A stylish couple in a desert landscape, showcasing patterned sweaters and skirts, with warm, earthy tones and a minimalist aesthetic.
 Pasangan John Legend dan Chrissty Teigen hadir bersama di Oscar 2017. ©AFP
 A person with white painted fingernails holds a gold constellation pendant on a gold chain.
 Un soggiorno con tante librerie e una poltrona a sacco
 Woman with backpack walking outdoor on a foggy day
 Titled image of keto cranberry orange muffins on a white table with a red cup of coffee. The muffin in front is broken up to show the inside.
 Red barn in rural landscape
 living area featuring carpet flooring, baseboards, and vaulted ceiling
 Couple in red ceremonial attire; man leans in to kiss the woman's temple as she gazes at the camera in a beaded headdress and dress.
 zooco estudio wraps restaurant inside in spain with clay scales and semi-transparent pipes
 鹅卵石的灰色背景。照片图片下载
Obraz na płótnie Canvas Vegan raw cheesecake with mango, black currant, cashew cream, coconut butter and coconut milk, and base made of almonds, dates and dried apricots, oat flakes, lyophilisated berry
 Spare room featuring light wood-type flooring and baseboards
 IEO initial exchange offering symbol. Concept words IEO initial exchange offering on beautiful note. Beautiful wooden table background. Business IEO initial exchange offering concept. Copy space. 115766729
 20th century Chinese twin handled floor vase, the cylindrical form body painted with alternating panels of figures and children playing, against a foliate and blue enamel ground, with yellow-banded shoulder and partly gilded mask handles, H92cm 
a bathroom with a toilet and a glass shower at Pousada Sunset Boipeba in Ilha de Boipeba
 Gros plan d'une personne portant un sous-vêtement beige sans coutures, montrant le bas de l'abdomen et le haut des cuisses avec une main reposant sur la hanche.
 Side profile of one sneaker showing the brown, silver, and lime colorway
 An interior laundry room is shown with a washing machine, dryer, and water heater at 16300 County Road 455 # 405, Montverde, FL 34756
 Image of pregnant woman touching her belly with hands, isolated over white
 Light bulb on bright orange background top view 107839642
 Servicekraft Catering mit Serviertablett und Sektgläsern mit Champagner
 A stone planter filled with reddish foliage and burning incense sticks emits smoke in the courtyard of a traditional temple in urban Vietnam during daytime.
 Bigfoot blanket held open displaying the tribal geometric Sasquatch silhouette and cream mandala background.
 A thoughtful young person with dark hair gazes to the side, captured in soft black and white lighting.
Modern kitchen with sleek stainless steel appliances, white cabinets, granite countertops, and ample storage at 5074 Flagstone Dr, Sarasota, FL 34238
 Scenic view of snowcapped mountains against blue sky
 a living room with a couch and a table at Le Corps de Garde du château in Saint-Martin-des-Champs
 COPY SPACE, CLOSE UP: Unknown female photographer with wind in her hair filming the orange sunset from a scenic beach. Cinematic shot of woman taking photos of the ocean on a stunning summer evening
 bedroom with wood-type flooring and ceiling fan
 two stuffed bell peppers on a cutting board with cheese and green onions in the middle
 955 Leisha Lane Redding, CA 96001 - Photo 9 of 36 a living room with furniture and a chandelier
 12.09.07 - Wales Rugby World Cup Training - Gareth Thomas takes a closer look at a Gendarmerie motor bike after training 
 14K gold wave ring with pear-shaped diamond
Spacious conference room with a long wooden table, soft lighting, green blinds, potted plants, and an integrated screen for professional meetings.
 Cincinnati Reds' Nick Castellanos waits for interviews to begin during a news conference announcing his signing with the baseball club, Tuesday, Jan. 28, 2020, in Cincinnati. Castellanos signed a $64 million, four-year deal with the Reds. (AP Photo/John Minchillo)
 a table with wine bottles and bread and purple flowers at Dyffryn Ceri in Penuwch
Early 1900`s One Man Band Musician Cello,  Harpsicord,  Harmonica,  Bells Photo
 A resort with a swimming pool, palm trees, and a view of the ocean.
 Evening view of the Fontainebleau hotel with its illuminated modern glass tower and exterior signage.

Exercise directions:
Copy, without any change, the lines from the one that contains "A thoughtful young" to the final line of the entries above.

Answer to this task:
 A thoughtful young person with dark hair gazes to the side, captured in soft black and white lighting.
Modern kitchen with sleek stainless steel appliances, white cabinets, granite countertops, and ample storage at 5074 Flagstone Dr, Sarasota, FL 34238
 Scenic view of snowcapped mountains against blue sky
 a living room with a couch and a table at Le Corps de Garde du château in Saint-Martin-des-Champs
 COPY SPACE, CLOSE UP: Unknown female photographer with wind in her hair filming the orange sunset from a scenic beach. Cinematic shot of woman taking photos of the ocean on a stunning summer evening
 bedroom with wood-type flooring and ceiling fan
 two stuffed bell peppers on a cutting board with cheese and green onions in the middle
 955 Leisha Lane Redding, CA 96001 - Photo 9 of 36 a living room with furniture and a chandelier
 12.09.07 - Wales Rugby World Cup Training - Gareth Thomas takes a closer look at a Gendarmerie motor bike after training 
 14K gold wave ring with pear-shaped diamond
Spacious conference room with a long wooden table, soft lighting, green blinds, potted plants, and an integrated screen for professional meetings.
 Cincinnati Reds' Nick Castellanos waits for interviews to begin during a news conference announcing his signing with the baseball club, Tuesday, Jan. 28, 2020, in Cincinnati. Castellanos signed a $64 million, four-year deal with the Reds. (AP Photo/John Minchillo)
 a table with wine bottles and bread and purple flowers at Dyffryn Ceri in Penuwch
Early 1900`s One Man Band Musician Cello,  Harpsicord,  Harmonica,  Bells Photo
 A resort with a swimming pool, palm trees, and a view of the ocean.
 Evening view of the Fontainebleau hotel with its illuminated modern glass tower and exterior signage.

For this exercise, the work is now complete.